◆ Task to carry out
When you copy the entries, omit the images and keep every word as it is.

◆ Supplied data

Segment Open

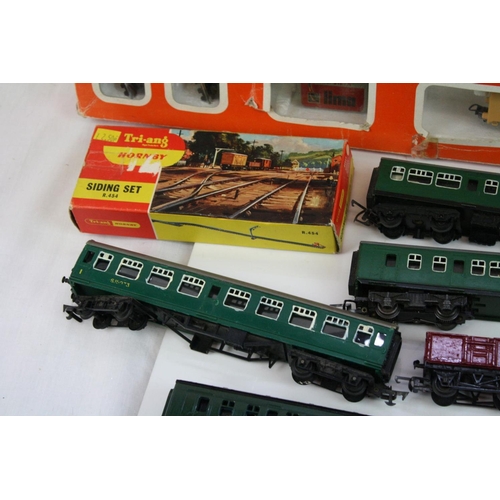 161 - Quantity of OO gauge model railway to include boxed Lima electric train set with locomotive, 3 x ite... 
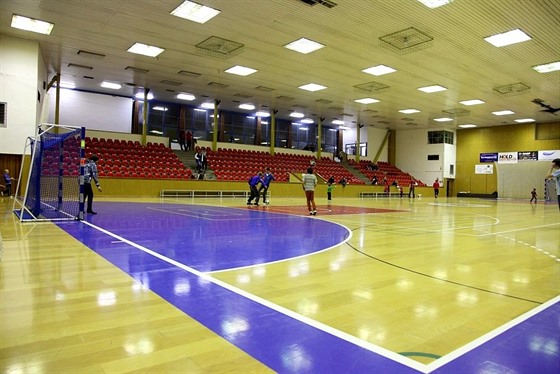 Víceúčelová sportovní hala v Chrudimi pojme 720 sportovních fanoušků.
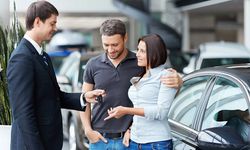Otomatik Vites Araba Nasıl Kullanılır? Konforlu Sürüşün Pratik Rehberi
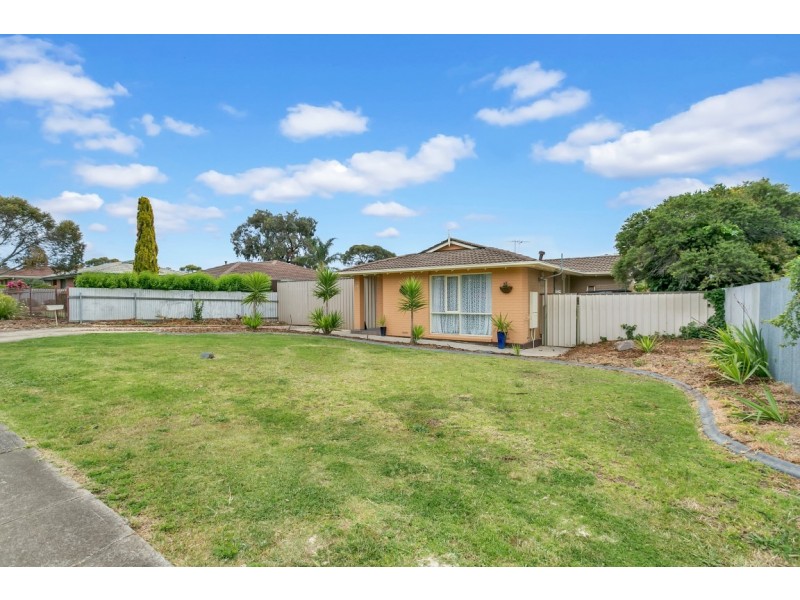 11 Ormiston Road, Morphett Vale SA 5162
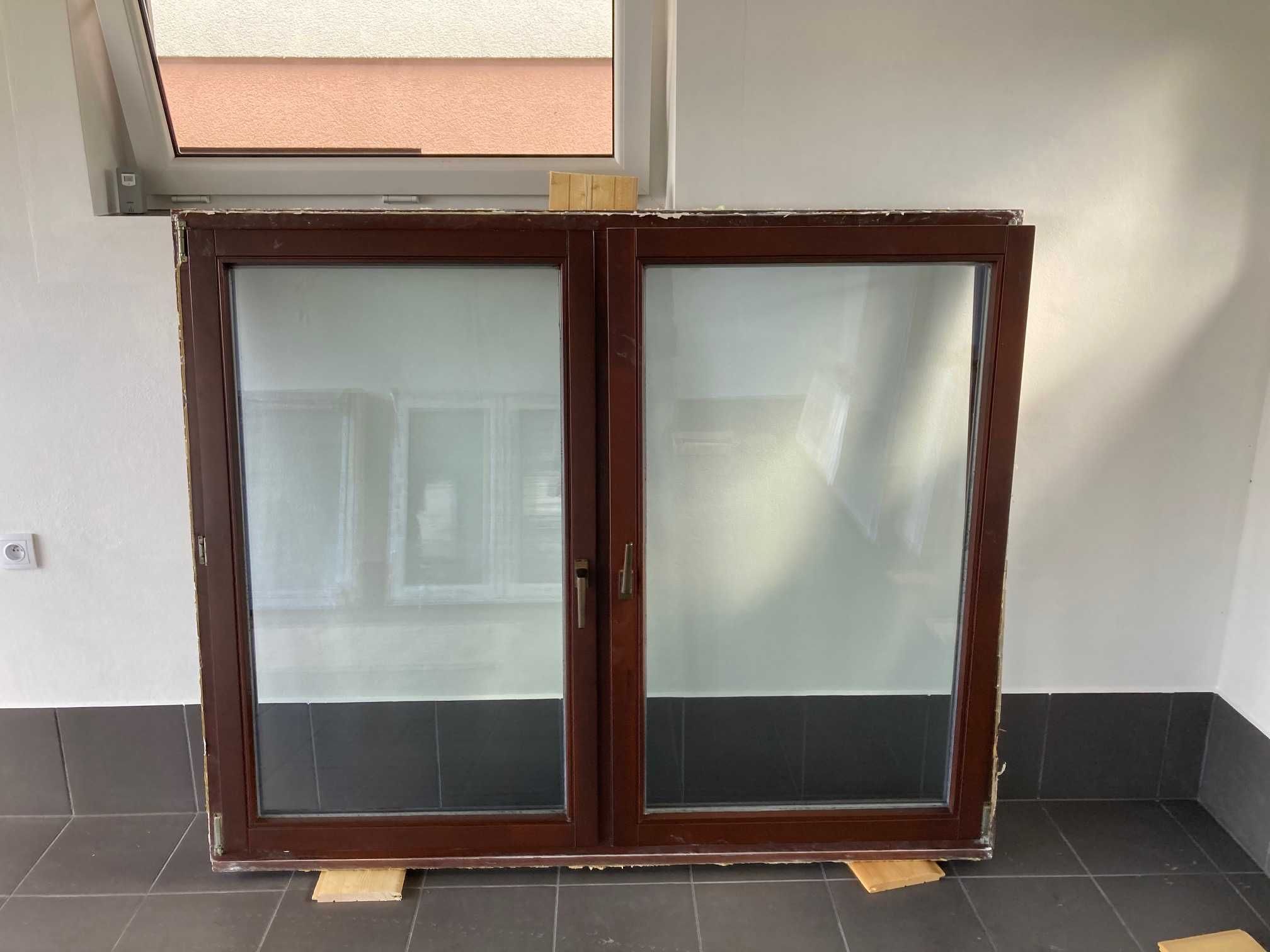Okno dzielone drewniane z drewna sosnowego 176 x145 cm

Segment Closed

◆ Answer box
 161 - Quantity of OO gauge model railway to include boxed Lima electric train set with locomotive, 3 x ite... 
 Víceúčelová sportovní hala v Chrudimi pojme 720 sportovních fanoušků.
Otomatik Vites Araba Nasıl Kullanılır? Konforlu Sürüşün Pratik Rehberi
 11 Ormiston Road, Morphett Vale SA 5162
Okno dzielone drewniane z drewna sosnowego 176 x145 cm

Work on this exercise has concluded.